Au lieu de satisfaire leur curiosité prophétique, Jésus attire leur attention sur leur mission future. Ils recevront bientôt une puissance particulière lorsque le Saint-Esprit viendra sur eux ( Actes des apôtres 1.8 ). Cette puissance n’est pas destinée à établir un pouvoir politique, mais à faire d’eux des témoins efficaces du salut offert par Dieu. Quelques jours plus tard, cette promesse s’accomplira lors de la Pentecôte, lorsque les disciples seront remplis du Saint-Esprit ( Actes des apôtres 2.1-4 ).
Le thème central de cet enseignement demeure l’annonce du Royaume de Dieu, sujet que Jésus avait continuellement développé depuis le début de son ministère ( Marc 1.14-15 ) et qu’il avait encore exposé pendant les quarante jours séparant sa résurrection de son ascension ( Actes des apôtres 1.3 ). Toutefois, ce Royaume ne doit plus être annoncé uniquement en Israël. Le témoignage des disciples est appelé à s’étendre progressivement de Jérusalem à la Judée, puis à la Samarie et enfin jusqu’aux extrémités de la terre ( Actes des apôtres 1.8 ). Ce verset constitue en quelque sorte le plan général du livre des Actes, dont les différentes parties retracent précisément cette progression.
Cette annonce prophétique de Jésus s’est accomplie de manière remarquable au cours des siècles. Dès le premier siècle, l’Évangile avait déjà atteint une grande partie du monde méditerranéen ( Colossiens 1.5-6 ; Colossiens 1.23 ). Depuis lors, la proclamation du salut en Jésus-Christ n’a cessé de progresser, au point qu’il existe aujourd’hui peu de régions du monde qui n’aient entendu parler du christianisme.

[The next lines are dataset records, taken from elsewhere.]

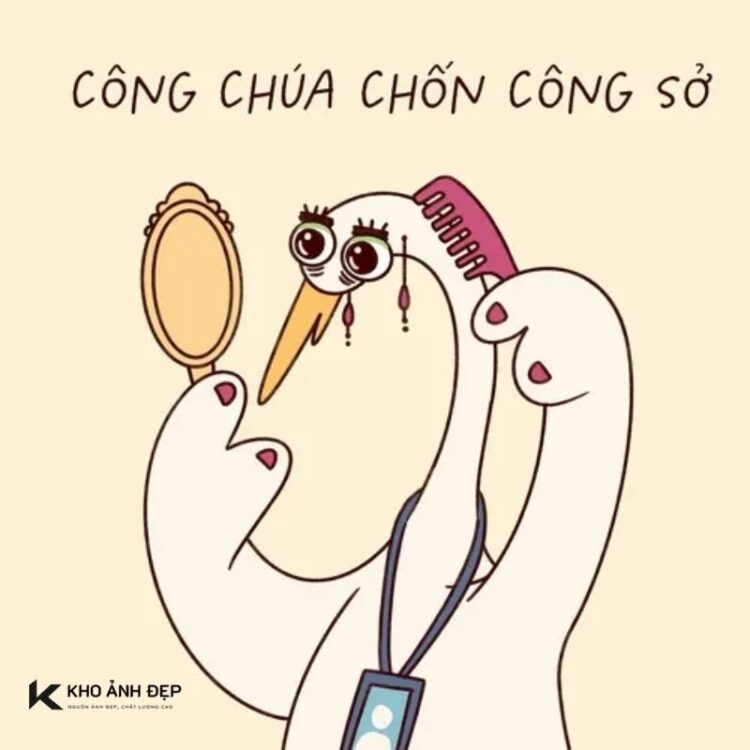 Tổng hợp 66+ meme công sở hài hước khiến dân văn phòng cười xỉu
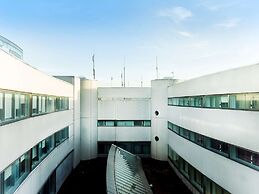 Radisson Blu Airport Terminal Hotel, Stockholm-Arlanda Airport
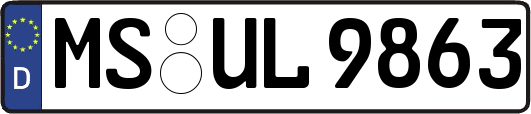 MS-UL9863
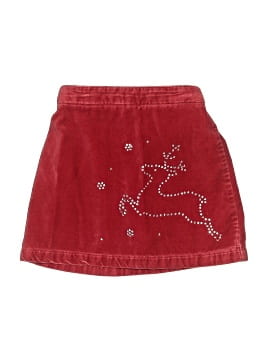 Lands' End Skirt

À travers son départ, Jésus laisse désormais la place à l’action du Saint-Esprit. Durant son ministère terrestre, il était physiquement présent en un lieu précis. Désormais, par l’Esprit, sa présence accompagne tous les croyants et toutes les assemblées chrétiennes ( Matthieu 18.20 ). C’est probablement dans ce sens qu’il avait déclaré à ses disciples : « Il vous est avantageux que je m’en aille ; car si je ne m’en vais pas, le Consolateur ne viendra pas vers vous » ( Jean 16.7 ).
Les dernières paroles de Jésus revêtent une importance particulière. Elles constituent en quelque sorte son testament spirituel et rappellent que la mission essentielle de l’Église consiste à annoncer le salut au monde entier. Dix jours plus tard, le dimanche 22 mai 33, la promesse du Père s’accomplira pleinement lors de la Pentecôte ( Actes des apôtres 2.1-4 ). Cet événement extraordinaire marquera le commencement visible de l’Église et l’ouverture d’une nouvelle étape dans l’histoire du salut.
Toutefois, avant la venue du Saint-Esprit et la naissance officielle de l’Église, cet ultime entretien avec les disciples est immédiatement suivi d’un autre événement tout aussi remarquable : l’ascension du Messie Jésus vers le ciel ( Actes des apôtres 1.9-11 ). Celle-ci met un terme à ses apparitions terrestres et inaugure une nouvelle phase de son œuvre, désormais accomplie par l’intermédiaire du Saint-Esprit et du témoignage de ses disciples.